Читать «Столыпин. На пути к великой России» онлайн - страница 99

Дмитрий Струков

Мы знаем, как замедлился процесс преобразований после гибели Столыпина в 1911 г. Государь тогда оказался вынужден фактически в одиночку продолжать реформы. Но что произошло бы со страной, останься Столыпин на вершине власти один, без «легкого тормоза»? С какой ускоренной силой закрутилось бы тогда колесо реформ? К каким опасным последствиям мог привести страну такой реформаторский эксперимент? Вполне можно допустить, что евреи получили бы полную гражданскую свободу, помещичье землевладение – обложено прогрессивным налогом, а в государственном аппарате страны началась бы радикальная структурная перестройка. Однако и общество, и само государство были не готовы к подобным переменам: новые формы заполнялись либо старыми кадрами, либо политически незрелым элементом. Такая перестройка страны, не сопровождаемая изменениями в духовной сфере, в нравственном сознании человека неизбежно вызвала бы мощную волну реакции, которая наряду с появлением незрелой государственной силы могла привести к скорому падению реформатора и еще большей деформации проводимого им курса. В качестве примера можно привести кадровую ошибку премьера с назначением на должность киевского губернатора А.П. Веретенникова. По приезде в сентябре 1906 г. в Киев Веретенников сразу же потребовал от чиновников вступить в партию, признающую лишь самодержавие. Осуществляя массовые аресты, не сообразуя их с реальными возможностями пенитенциарных учреждений, новый губернатор вызвал перегрузку местных полицейских отделений. Арестованных были вынуждены спешно освобождать, а полиция от такого режима работы быстро распустилась, потеряв охоту к службе. Но самое главное, непродуманность и непоследовательность действий местных властей вызвала в городе рост революционных настроений. Генерал-губернатор В.А. Сухомлинов в личном докладе Столыпину ходатайствовал об удалении Веретенникова, и тот был переведен на должность костромского губернатора[445].

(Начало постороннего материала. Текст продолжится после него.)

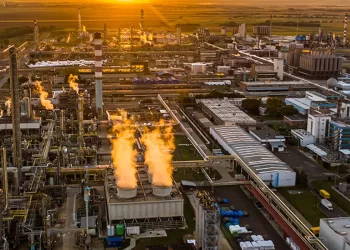 Exime Trump a Hungría de sanciones por compra de petróleo ruso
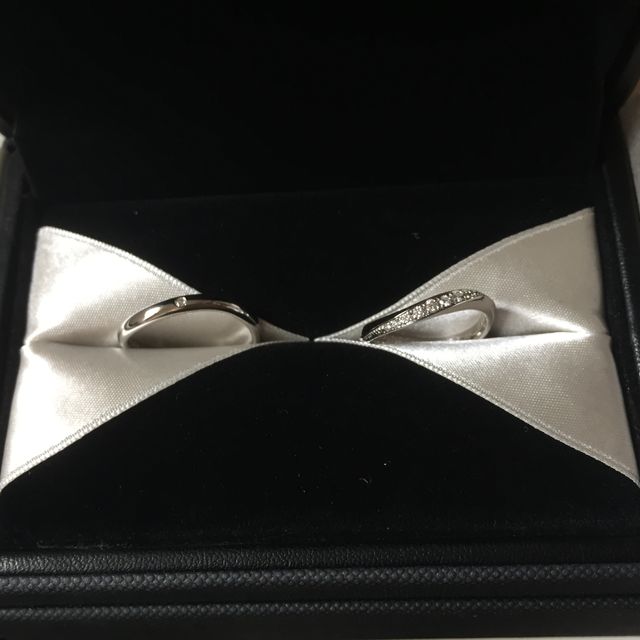 【エクセルコダイヤモンド(EXELCO DIAMOND)の口コミ】 ダイヤが端まで入っていて
綺麗だった
自然なウェーブ感があり
端もミル打…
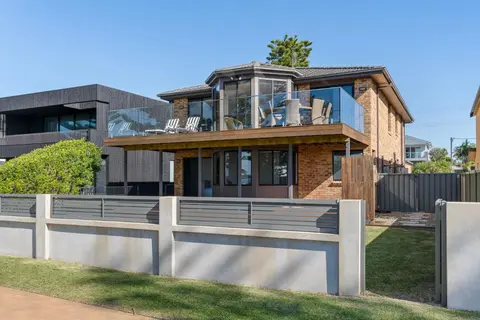 Seaside Escape - direct Collingwood Beach access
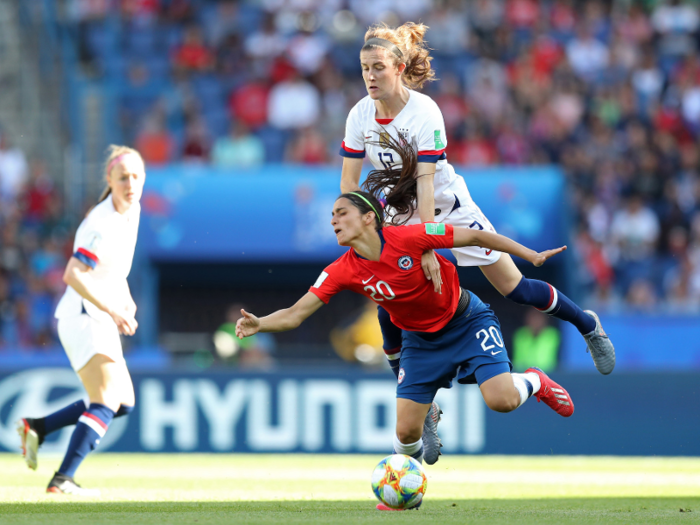 ... this not-so-fun-looking game of leapfrog between Tierna Davidson of the US and Daniela Zamora of Chile ...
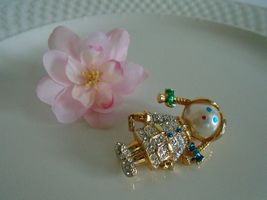 VINTAGE GOLD TONE MULTI-COLOR CRYSTAL LITTLE GIRL BROOCH Very Cute EUC S... - £7.82 GBP
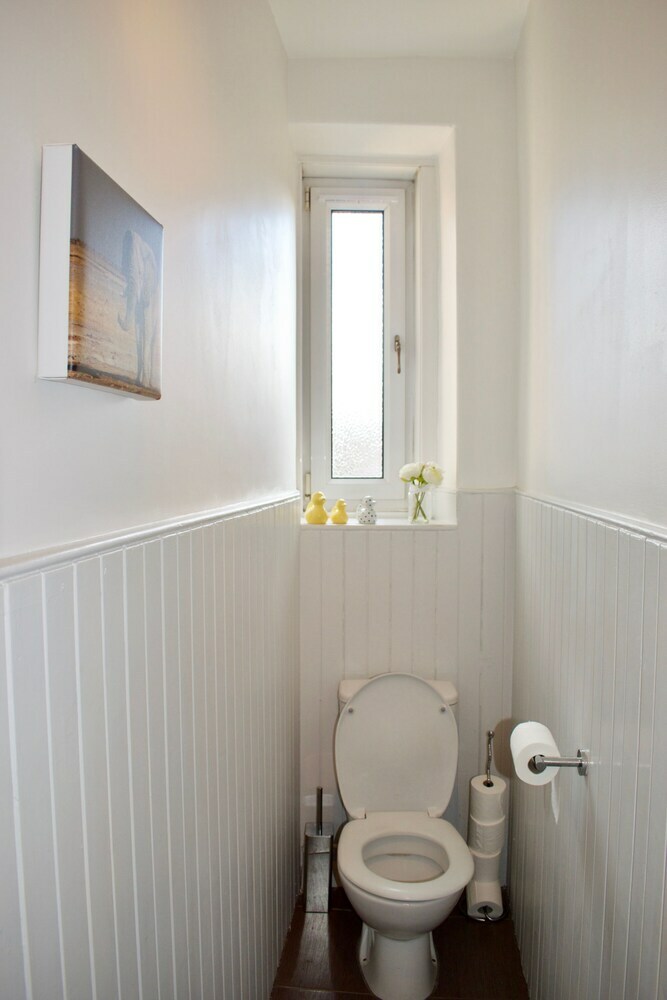 Spacious & Homely Dalry Apartment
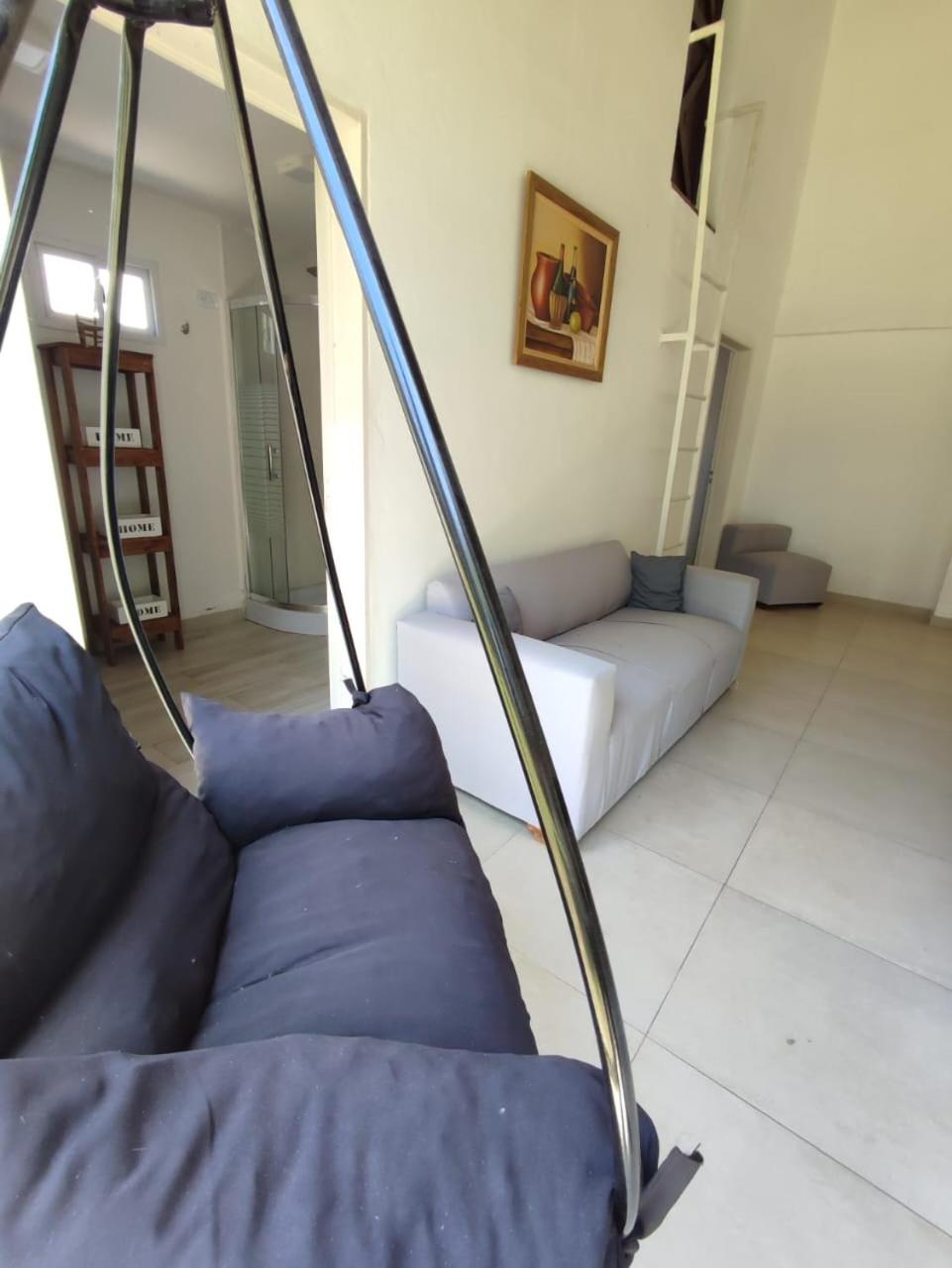 Seven-Bedroom House photo 2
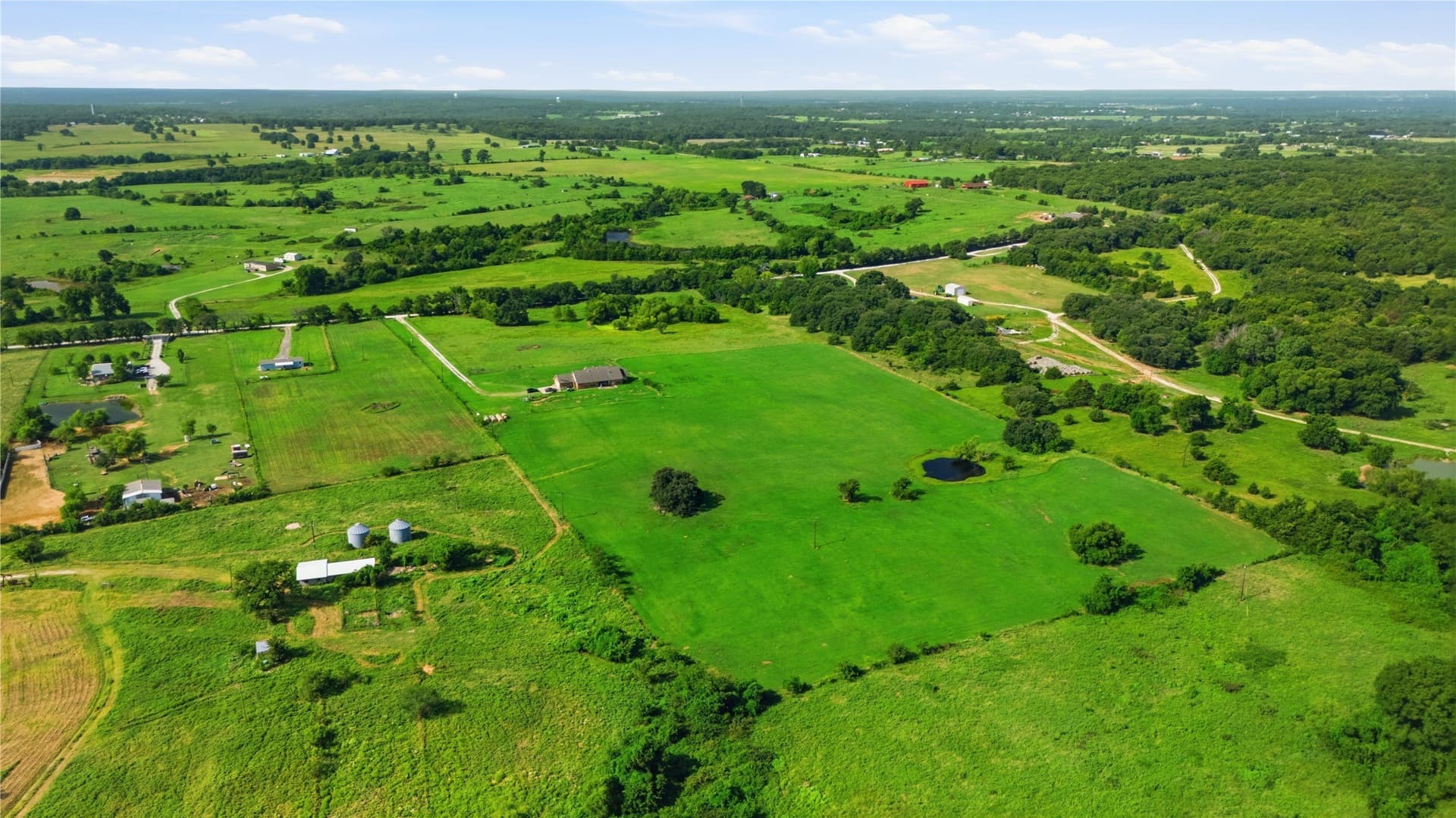 20 acres in Cooke County - photo 25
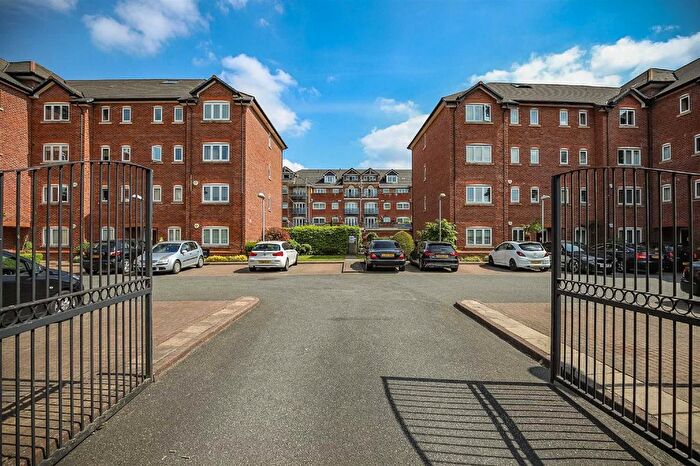 2 Bedroom Flat To Rent In Waterside, Bridgewater Street, Sale, M33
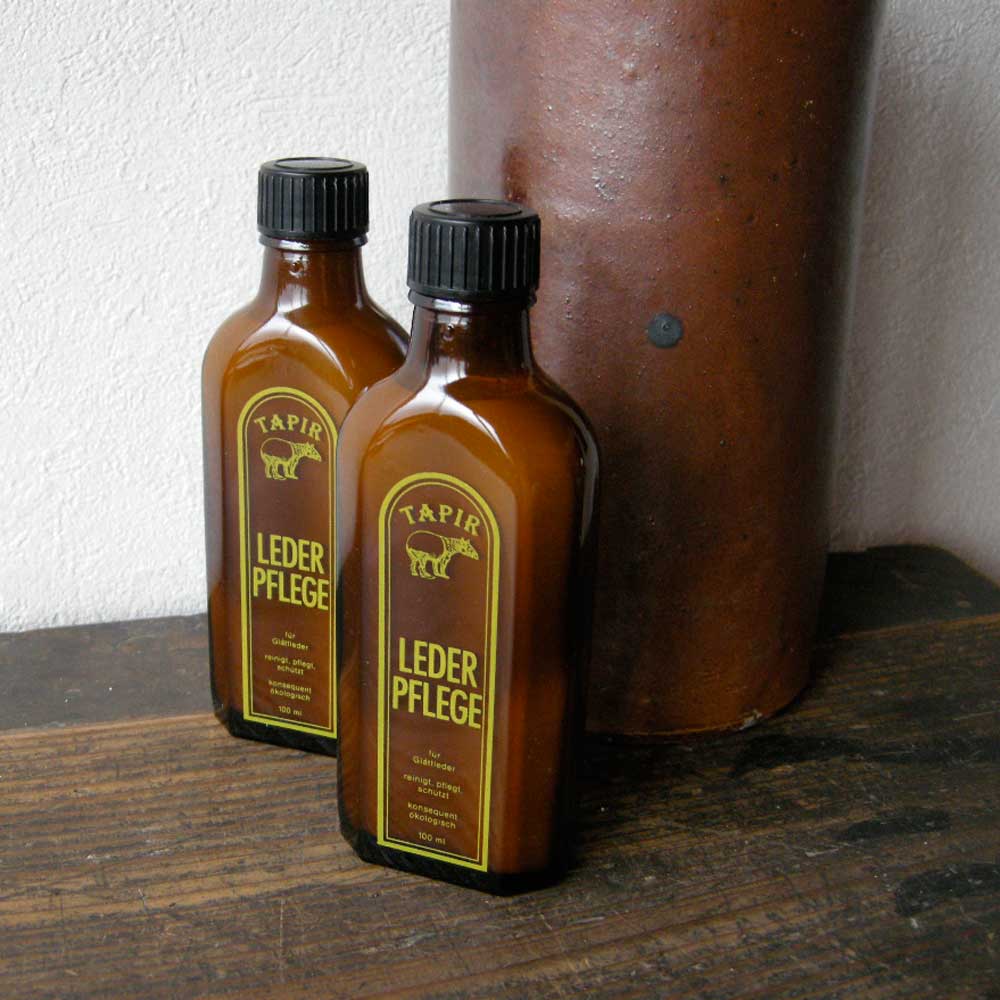 タピール TAPIR レーダーフレーゲ(皮革用乳液)100ml 表革用保革・栄養ローション(ドイツ製)天然皮革 レザーケア 皮革ケア 乳液ワックス 艶出し 革製品 ウェア 家具 自動車のシート オイルドレザー シューズ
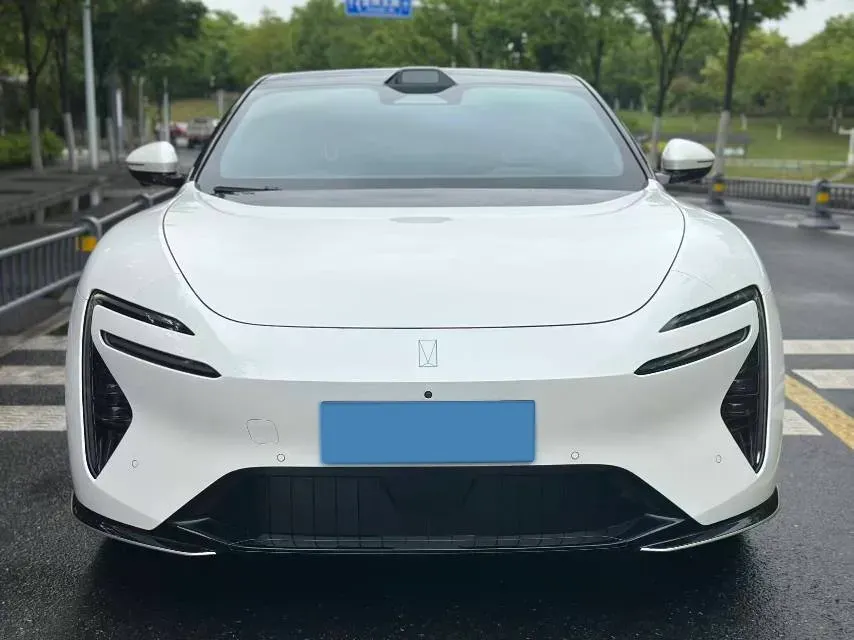 2025 Avatr 06 BEV,autocango,china used car exporter,china ev exporter,chinese used car exporter,chinese used ev exporter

По словам Сухомлинова, Столыпин при кадровых назначениях испытывал недостаток прогрессивно мыслящих представителей молодого поколения. До Столыпина проблеме преемственности правительственных кадров особого внимания не уделялось, и молодые либералы и земские деятели встали в открытую оппозицию ко всему, что было связано с Министерством внутренних дел[446]. Столыпин пытался сломать эту стену отчуждения, предлагая оппозиции включиться в преобразовательный процесс, однако эти смелые шаги могли привести в центральный аппарат политический элемент, который еще больше расшатал бы государственное управление. Николай предвидел подобную опасность и потому был более осторожен. Он считал недопустимым политику соглашательства с теми, кто так или иначе будет продолжать свою подрывную деятельность против самодержавия. Когда Столыпин стал затягивать переговоры с оппозицией по вопросу снятия депутатской неприкосновенности с фракции социал-демократов, обвиненных в подготовке мятежа, Николай твердо выразил премьеру свою волю: немедленный разрыв. Диалог с оппозицией государь не отвергал, но считал, что общественным деятелям был дан шанс к сотрудничеству с властями, однако они от этого шанса отказались. В то время как Столыпин вел переговоры с либеральными общественными деятелями о вхождении их в правительство и заверял, что стремится «удержать государя от впадения в реакцию», Николай II говорил министру финансов В.Н. Коковцову, что никогда не совершит «скачок в неизвестность». И хотя формирование правительства исключительно из общественных деятелей также не входило в планы Столыпина, все же он шел в переговорном процессе дальше государя[447]. Из-за чего накануне роспуска II Думы ему даже пришлось оправдываться в затягивании переговоров. «Верьте, Государь, – писал он тогда Николаю, – что все министры, несмотря на различные оттенки мнений, проникнуты были твердым убеждением в необходимости роспуска, и колебаний никто не проявлял. Думе дан был срок, она законного требования не выполнила и по слову Вашему перестала существовать»[448].